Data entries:

________

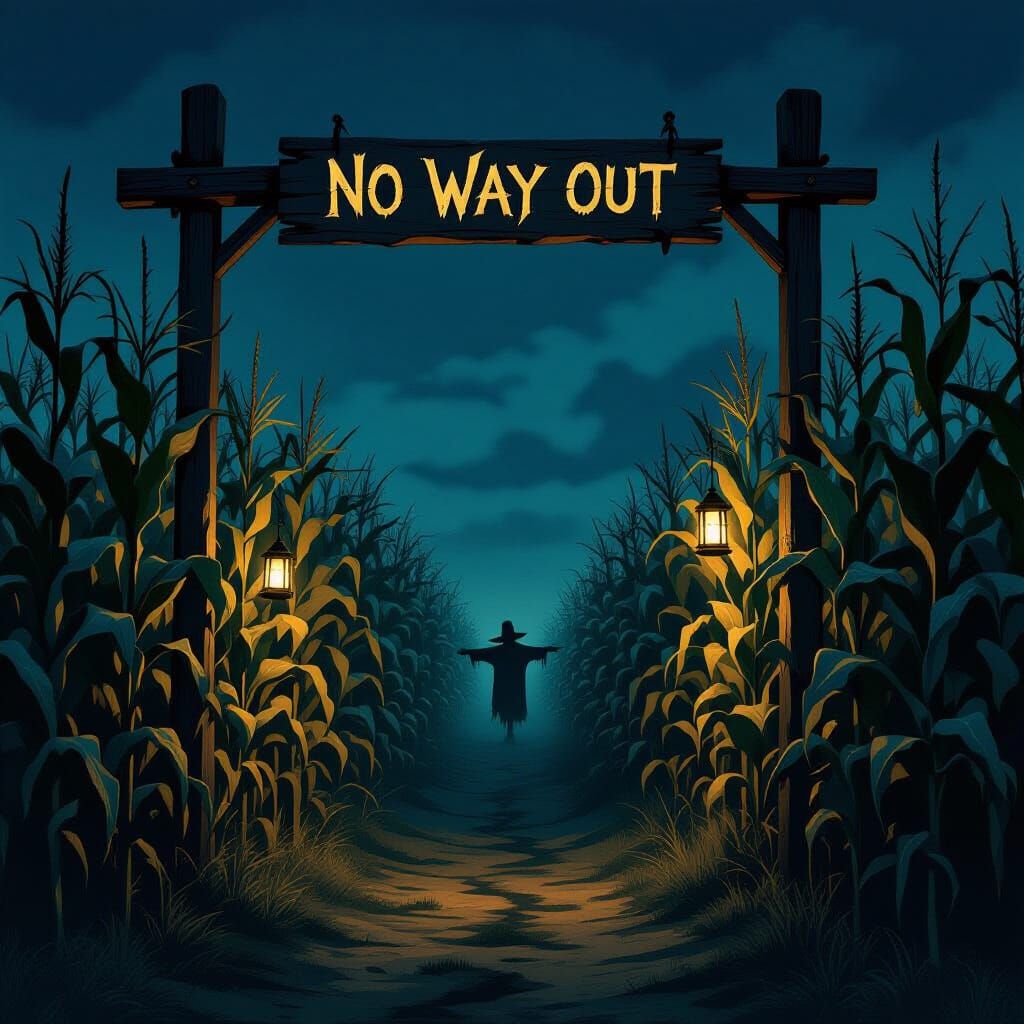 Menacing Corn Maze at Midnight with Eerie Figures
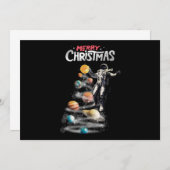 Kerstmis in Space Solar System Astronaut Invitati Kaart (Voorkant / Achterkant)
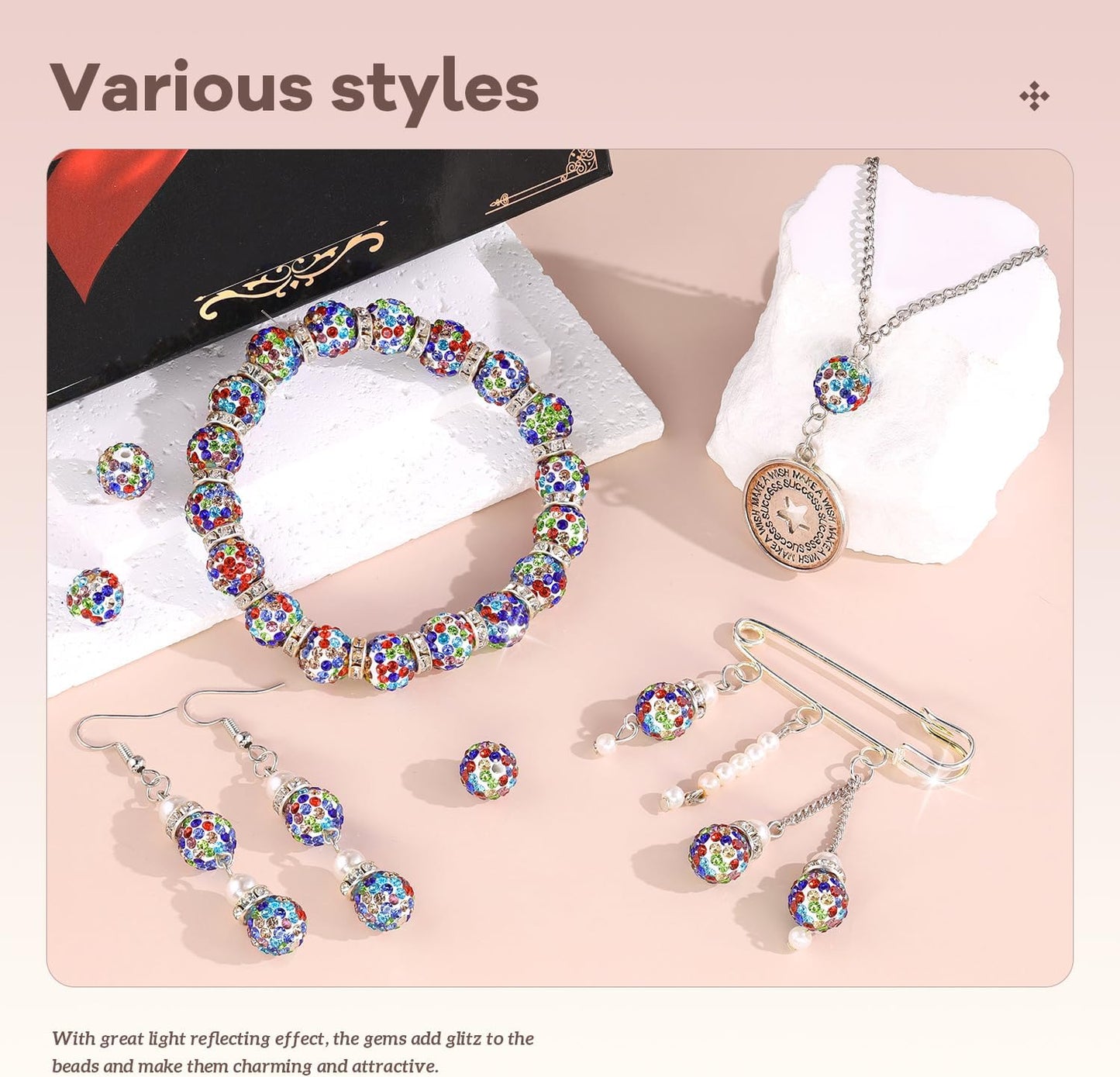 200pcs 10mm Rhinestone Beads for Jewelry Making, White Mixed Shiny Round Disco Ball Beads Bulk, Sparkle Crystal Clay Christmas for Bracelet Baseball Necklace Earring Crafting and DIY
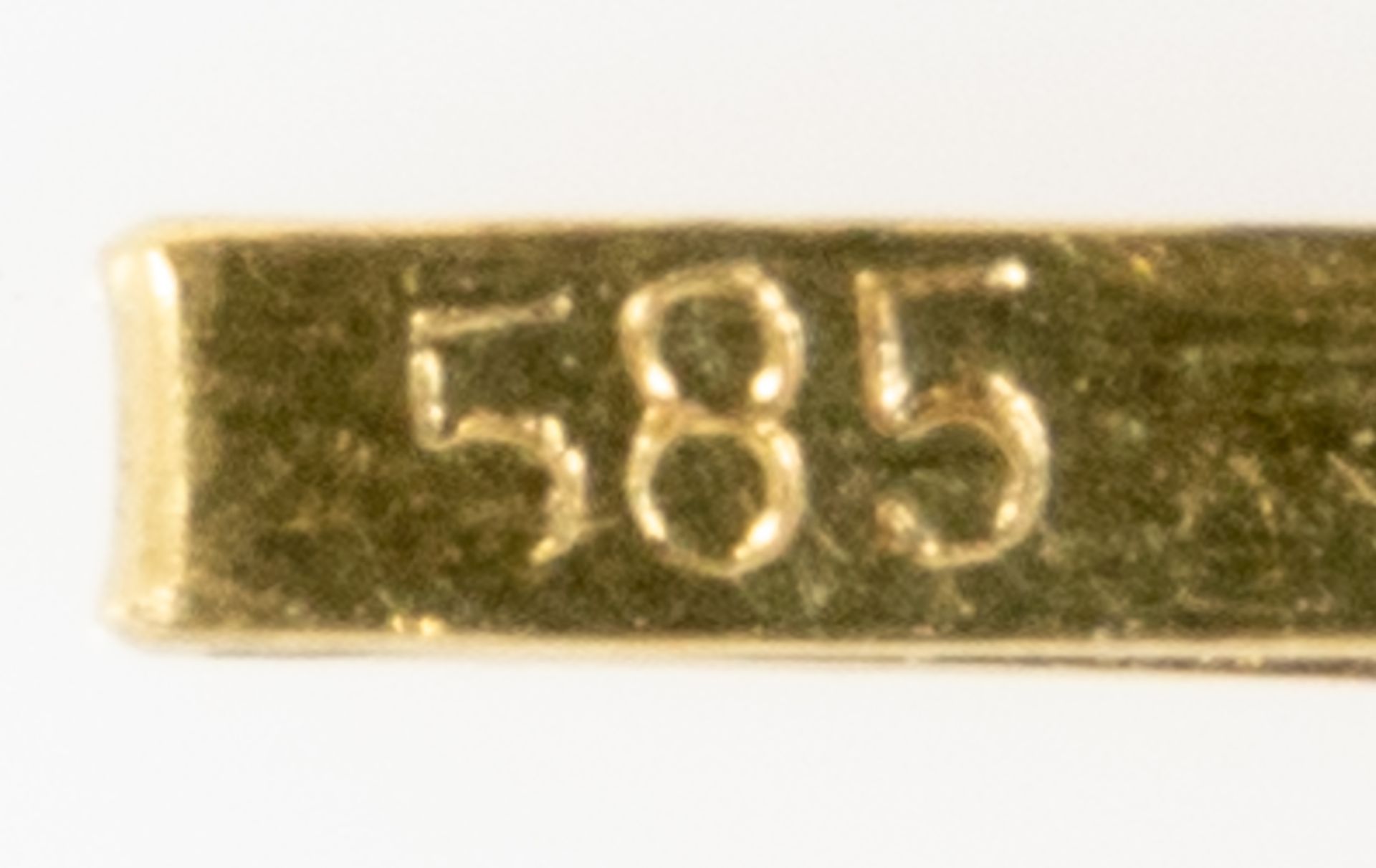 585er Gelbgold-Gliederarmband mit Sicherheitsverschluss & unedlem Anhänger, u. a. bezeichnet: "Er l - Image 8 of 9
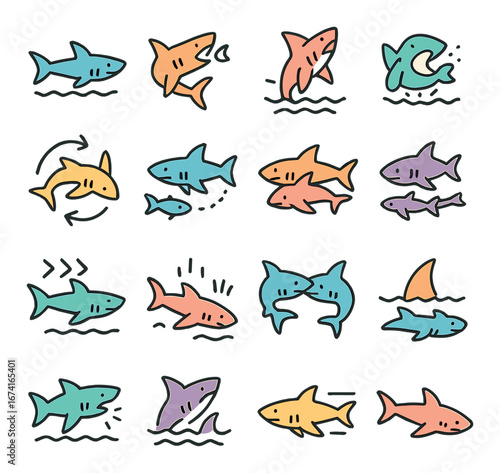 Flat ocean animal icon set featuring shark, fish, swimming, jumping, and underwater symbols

________

### YOUR TASK
Only the lines from the one containing "585er Gelbgold-Gliederarmband mit" through the final line of the entries belong in the copy, both ends included. Pictures stay out.

### EXERCISE OUTPUT
 585er Gelbgold-Gliederarmband mit Sicherheitsverschluss & unedlem Anhänger, u. a. bezeichnet: "Er l - Image 8 of 9
 Flat ocean animal icon set featuring shark, fish, swimming, jumping, and underwater symbols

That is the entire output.